Strach się czegoś doczepić
Ta gra jest tak dobra, że jest problem z wytknięciem jakichś większych błędów, ale cóż by to była za recenzja Luigi’s Mansion 3, gdybym tylko się zachwycał? Pierwsze, co mi się nasuwa na myśl, to sterowanie. Naszą latarką i Poltergeistem możemy sterować w dowolnej osi, a do tego dochodzi bieganie samym bohaterem, więc na początku sprawia to nieco problemów. Nawet zaawansowanym graczom takim jak ja.
Mógłbym się również doczepić niektórych znajdziek, bo jestem za głupi, żeby je odnaleźć. Jednak jestem przekonany, że gdyby było łatwiej to nie mielibyśmy tyle satysfakcji i motywacji do szukania kolejnych sekretów. Z resztą, zawsze możemy poprosić profesora o pomoc, ale moim zdaniem odejmuje to nieco przyjemności z poszukiwań.
Ostatnią rzeczą, jaka mnie zirytowała, był jeden z pościgów za wrednym kotem, który ukradł przycisk do windy. Wymusiło to na nas backtracking, czyli powrót do odwiedzonej już wcześniej lokacji i zdecydowanie nie było to przyjemne przeżycie. Na szczęście był to krótki etap i nijak się miał do backtrackingu z takiego np. ► Jedi Fallen Order.
Recenzja Luigi’s Mansion 3 – Podsumowanie
Dla mnie ta produkcja to jedna z najlepszych rzeczy, jakie spotkały mnie na Nintendo Switch. Tryb kooperacji w kampani, w którym faktycznie czuć zależność między graczami jest genialny.
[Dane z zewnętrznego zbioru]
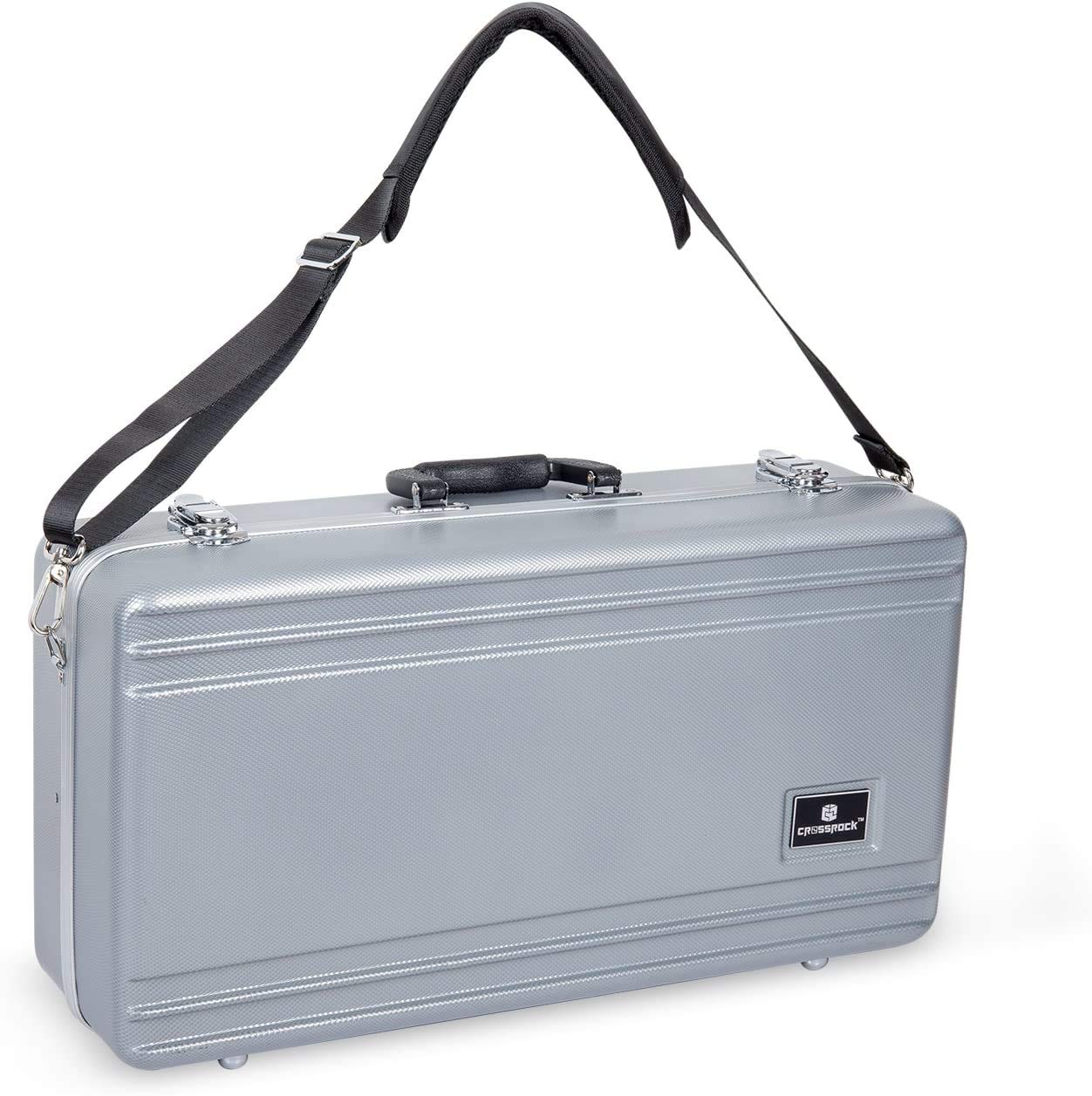 Crossrock Trumpet Case for Bb Horn | Textured Blue Finish with Velvet Interior, Security Lock, Metal Feet & Detachable Strap (CRA861TRBL)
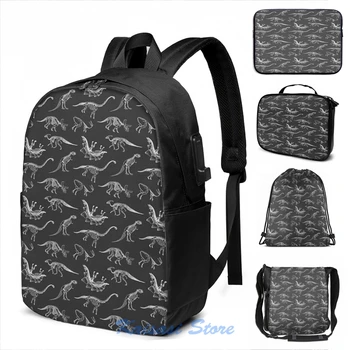 

Funny Graphic print Dinosaur Skeletons(2) USB Charge Backpack men School bags Women bag Travel laptop bag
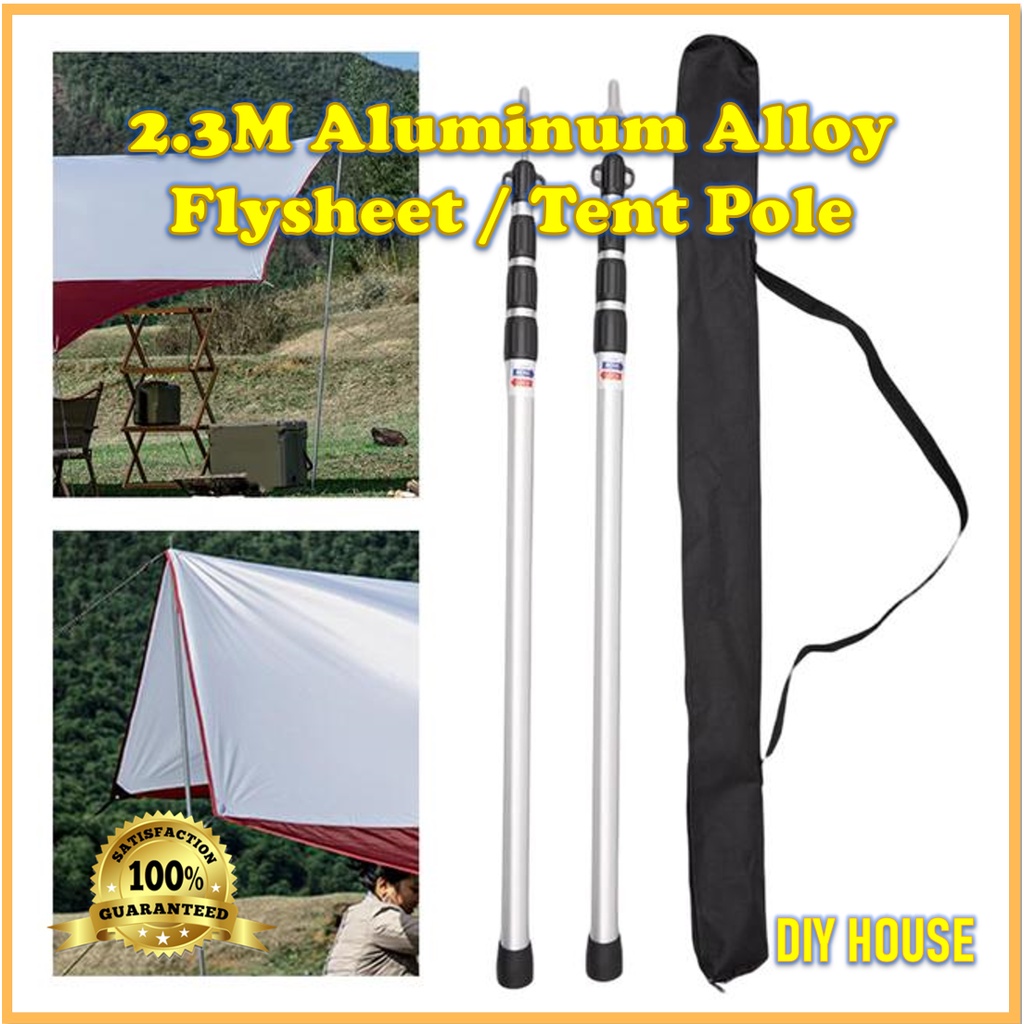 2.3M Adjustable Telescope Tarp Poles Outdoor Aluminium Alloy Camping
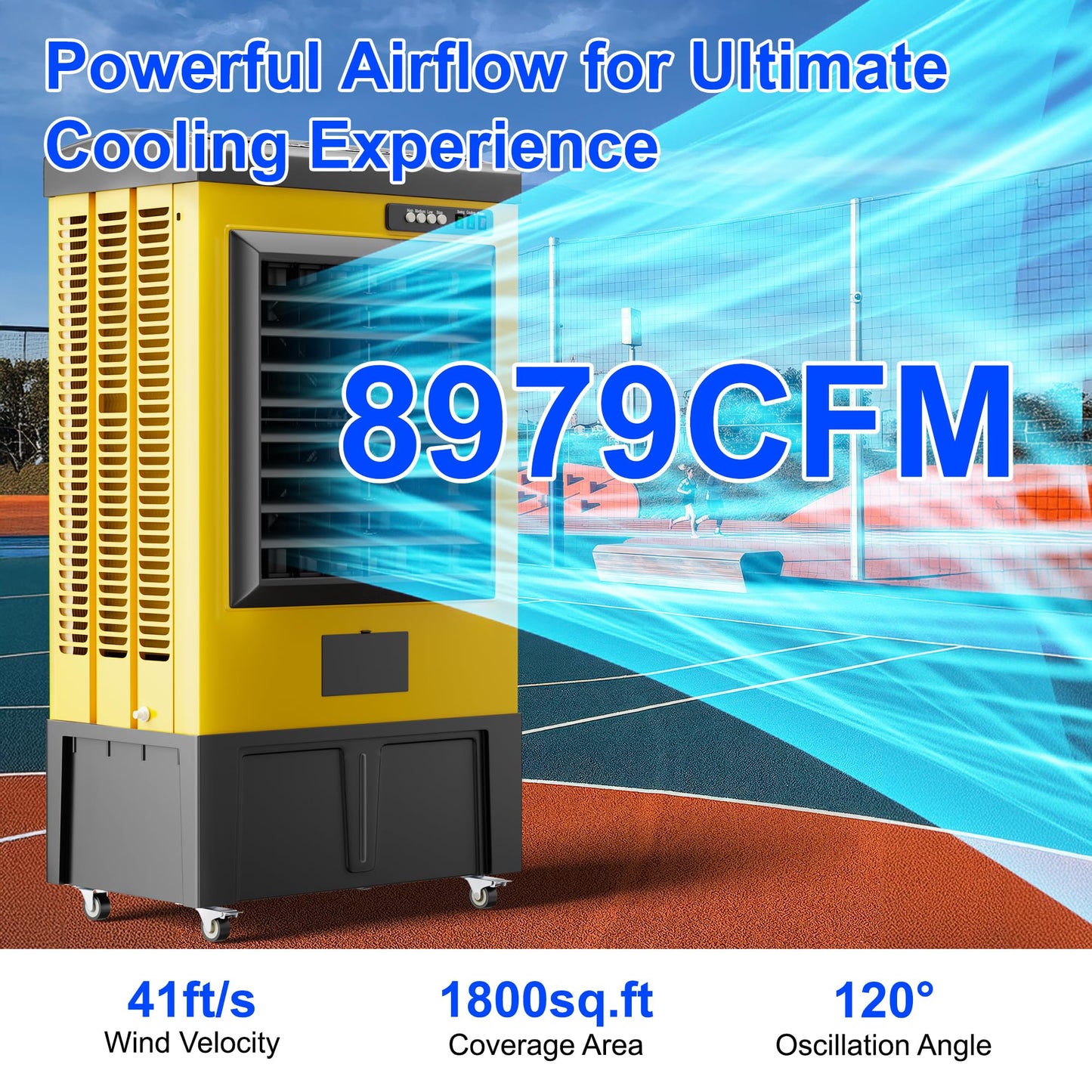 MEPTY 8979CFM Portable Swamp Cooler, Evaporative Air Cooler with 36 Gal Water Tank, Continuous Auto Fill, 3 Speeds, 120°Oscillation, Industrial Outdoor Swamp Coolers for Patios, Garage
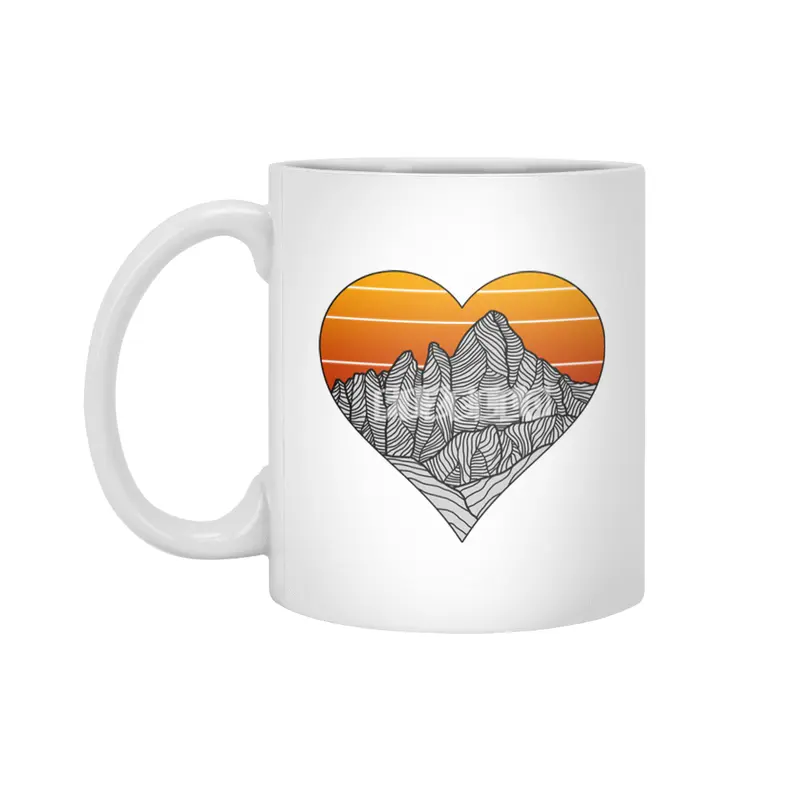 Mountain Sunset/Sky Beyaz Kupa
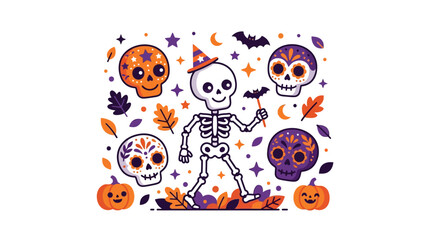 Fototapeta premium Cute Skeleton and Sugar Skull Pattern Illustration for Halloween Celebration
Przemawia za tym to, że przekonał do siebie kobietę, która na co dzień z grami ma niewiele wspólnego.
Uwaga, bonus: recenzja Luigi’s Mansion 3. Sorka, nie miałem już gdzie tego upchnąć, żeby wypozycjonować :P. Miłego dnia!
Cena gry:
- Nintendo eShop: 250 zł.
- Allegro: 200 zł.
- Klimat każdego etapu.
- Wszystko zrobione z jajem i humorem.
- Tryb kooperacji w kampanii.
- Oprawa audio-wizualna.
- Interesujące mechaniki przez całą rozgrywkę.
- Sterowanie wymaga przyzwyczajenia.